Interview Questions & Answers

Q1. What is the difference between setsockopt() and fcntl() for socket configuration?
fcntl() controls file descriptor flags (O_NONBLOCK, O_CLOEXEC, FD_CLOEXEC) that apply to all file descriptor types. setsockopt() controls socket-specific options (buffer sizes, keep-alive, Nagle, etc.) that are properties of the underlying socket, not the file descriptor. They are complementary — you often use both.
Q2. Why does Linux double the buffer size you request with SO_SNDBUF?
Linux doubles the requested buffer size to account for internal kernel overhead (sk_buff structures, alignment, etc.). The extra space is used by the kernel, not accessible to your application. If you request 256KB, the kernel may allocate 512KB, but your effective buffer is still ~256KB. getsockopt() returns the doubled value.
Q3. What happens when close() is called with SO_LINGER enabled and l_linger=0?
An RST (reset) is immediately sent to the peer.

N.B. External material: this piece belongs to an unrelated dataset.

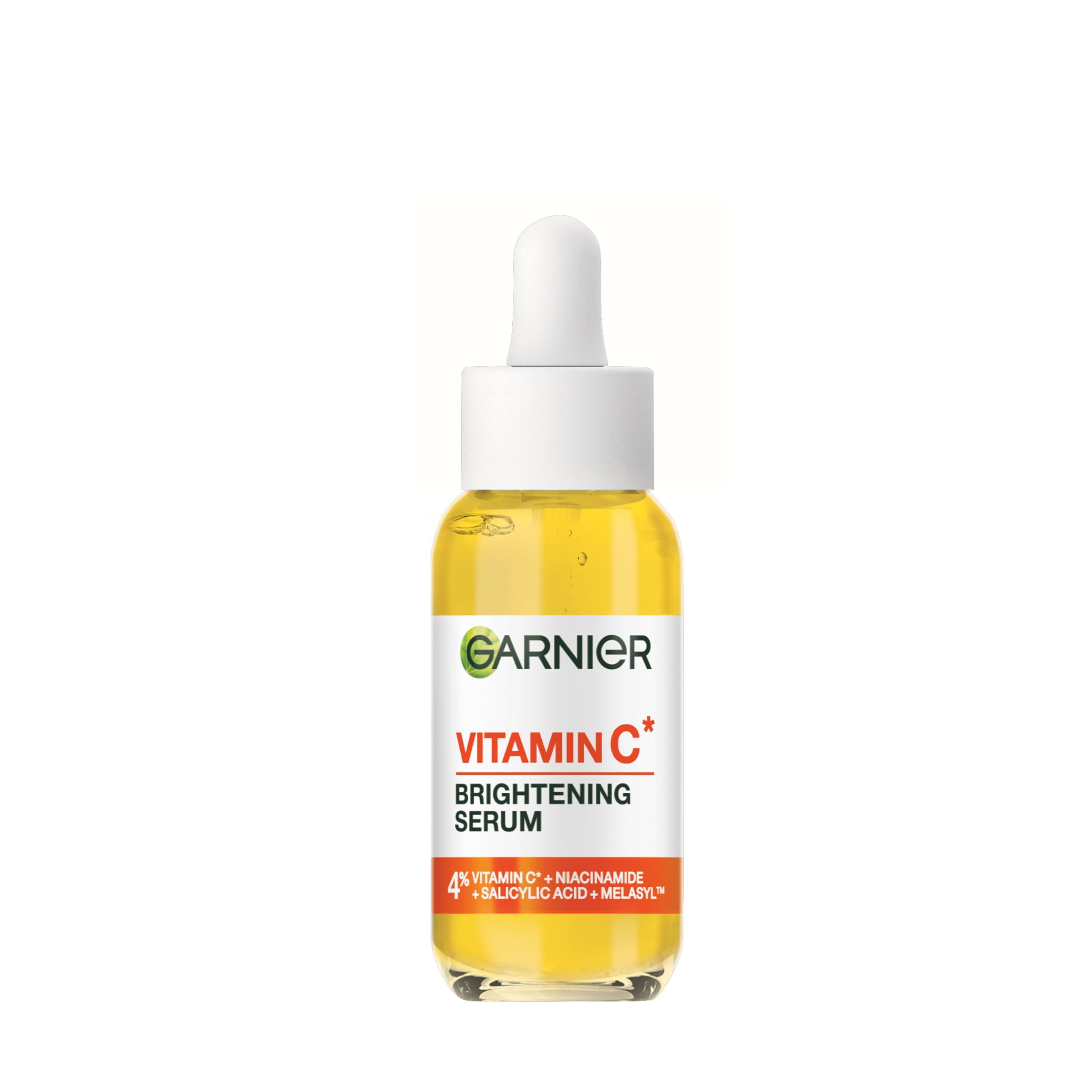 GarnierVitamin C Brightening Serum for Face, with 4% Vitamin C, Niacinamide & Salicylic Acid, Brightens Skin, Reduces Dark Spots & Evens Skin Tone, Serum 30ml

All unacknowledged data in the send buffer is discarded. The connection is abruptly terminated — no graceful FIN/ACK sequence. This is used intentionally when you want to force-close a misbehaving connection, but should not be used in normal operation as it can cause data loss.
Q4. Why is TCP_KEEPIDLE’s default of 7200 seconds (2 hours) problematic?
A crashed or unreachable peer won’t be detected for up to 2 hours. During that time, the connection stays in ESTABLISHED state, consuming resources (fd, memory, port). For servers handling many long-lived connections (IoT, mobile apps), this leads to resource leaks. Always tune TCP_KEEPIDLE down to minutes, not hours.
Q5. What is TCP_CORK and how does it differ from TCP_NODELAY?
TCP_CORK explicitly holds all writes until you uncork (set TCP_CORK=0), then flushes everything at once in the minimum number of segments. TCP_NODELAY disables Nagle, letting each write go out immediately. They are opposite strategies: CORK forces batching under application control; NODELAY forces immediate sending. Common pattern: CORK before writing HTTP header+body, UNCORK to flush.
Q6. What is SO_REUSEPORT and how is it different from SO_REUSEADDR?
SO_REUSEADDR allows reusing a port that has TIME_WAIT sockets. SO_REUSEPORT (Linux 3.9+) allows multiple independent sockets to bind to the exact same addr:port simultaneously. The kernel load-balances incoming connections across all SO_REUSEPORT sockets. This lets you run multiple server worker processes each with their own listening socket — eliminating the single accept() bottleneck.
Q7. How do you use SO_ERROR to check the result of a non-blocking connect()?
After connect() returns EINPROGRESS, wait for the socket to become writable using select()/poll(). When writable, call getsockopt(SOL_SOCKET, SO_ERROR, …). If the value is 0, the connection succeeded. If non-zero, it contains the errno code of the connect failure (ECONNREFUSED, ETIMEDOUT, etc.). This is the standard pattern for non-blocking connect with timeout.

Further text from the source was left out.